== Data records ==

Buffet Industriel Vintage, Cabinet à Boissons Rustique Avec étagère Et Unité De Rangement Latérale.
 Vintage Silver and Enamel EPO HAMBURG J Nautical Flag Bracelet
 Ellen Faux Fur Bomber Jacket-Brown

---

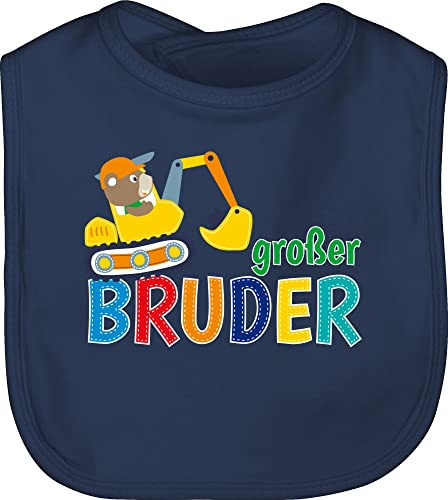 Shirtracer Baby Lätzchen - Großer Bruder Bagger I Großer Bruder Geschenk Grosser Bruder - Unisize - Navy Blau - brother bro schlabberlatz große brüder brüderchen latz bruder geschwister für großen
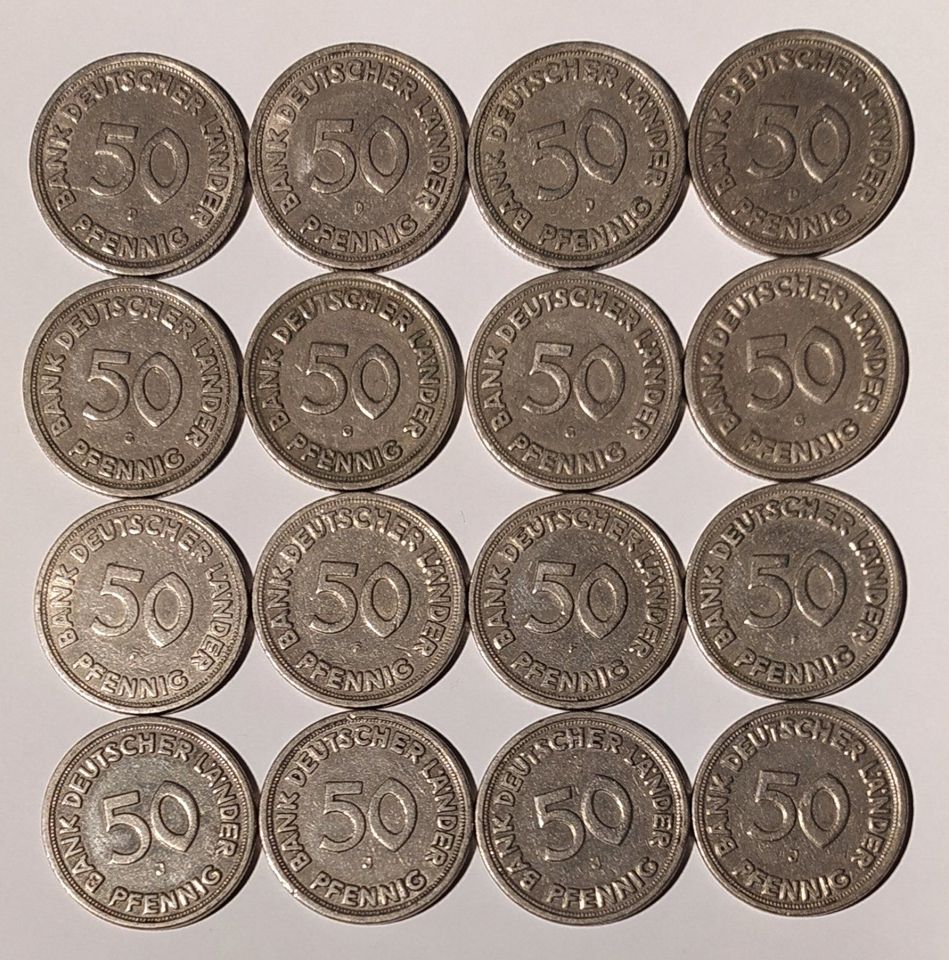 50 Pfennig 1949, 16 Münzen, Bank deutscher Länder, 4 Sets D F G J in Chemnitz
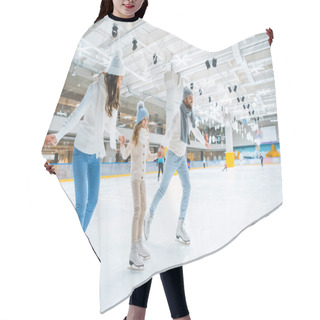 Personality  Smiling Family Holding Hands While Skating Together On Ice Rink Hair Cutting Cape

== Task goal ==
Print exactly the lines above from the one with "Vintage Silver and" to the one with "Ellen Faux Fur Bomber Jacket-Brown", including both.

== Answer section ==
 Vintage Silver and Enamel EPO HAMBURG J Nautical Flag Bracelet
 Ellen Faux Fur Bomber Jacket-Brown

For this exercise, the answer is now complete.